| HN Mirror

Y	Hacker News new \| ask \| show \| jobs

by HeraldEmbar 2474 days ago

tl;dr: Unicode codepoints don't have a 1-to-1 relationship with characters that are actually displayed. This has always been the case (due to zero-width characters, accent modifiers that go after another character, Hangul etc.) but has recently got complicated by the use of ZWJ (zero-width joiner) to make emojis out of combinations of other emojis, modifiers for skin colour, and variation selectors. There is also stuff like flag being made out of two characters, e.g. flag_D + flag_E = German flag.

Your language's length function is probably just returning the number of unicode codepoints in the string. You need to a function that computes the number of 'extended grapheme clusters' if you want to get actually displayed characters. And if that function is out of date, it might not handle ZWJ and variation selectors properly, and still give you a value of 2 instead of 1. Make sure your libraries are up to date.

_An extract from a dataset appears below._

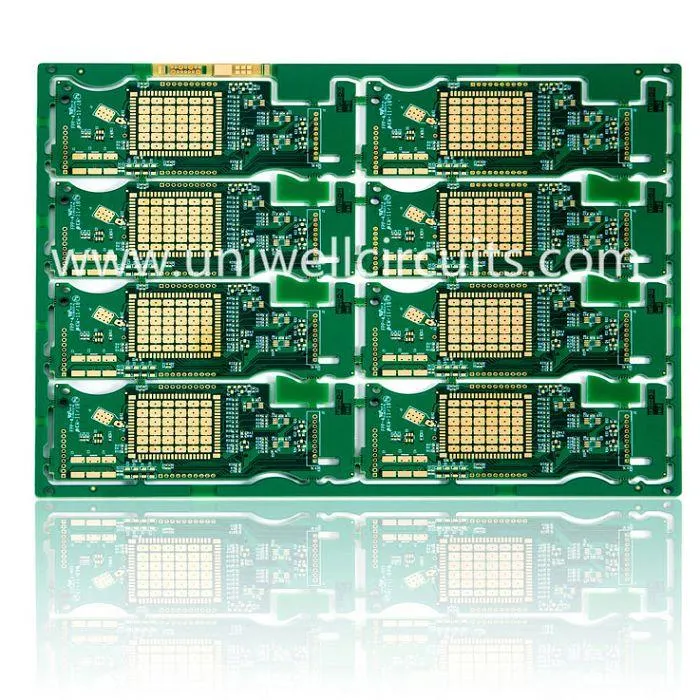 10L ENIG Normálna TG PCB
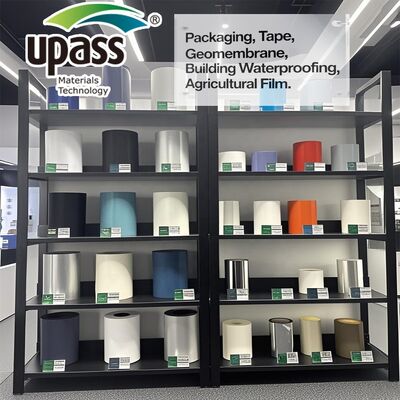 Water Weatherproof Breathable Membrane PE Release Film for Electronics Printing Industrial Use Blow Molding Cut-to-Order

Also, if you are writing a command line tool, you need to use a library to work out how many 'columns' a string will occupy for stuff like word wrapping, truncation etc. Chinese and Japanese characters take up two columns, many characters take up 0 columns, and all the above (emoji crap) can also affect the column count.

In short the Unicode standard has gotten pretty confusing and messy!

1 comments

hsivonen 2474 days ago

> Your language's length function is probably just returning the number of unicode codepoints in the string.

The article didn't say that!

"Number of Unicode code points" in a string is ambiguous, because surrogates and astral characters both are code points, so it's ambiguous if a surrogate pair counts as two code points or one. (It unambiguously counts as two UTF-16 code units and as one Unicode scalar value.)

The article presented four kinds of programming language-reported string lengths:

1. Length is number of UTF-8 code units. 2. Length is number of UTF-16 code units. 3. Length is number of UTF-32 code units, which is the same as the number of Unicode scalar values. 4. Length is number of extended grapheme clusters.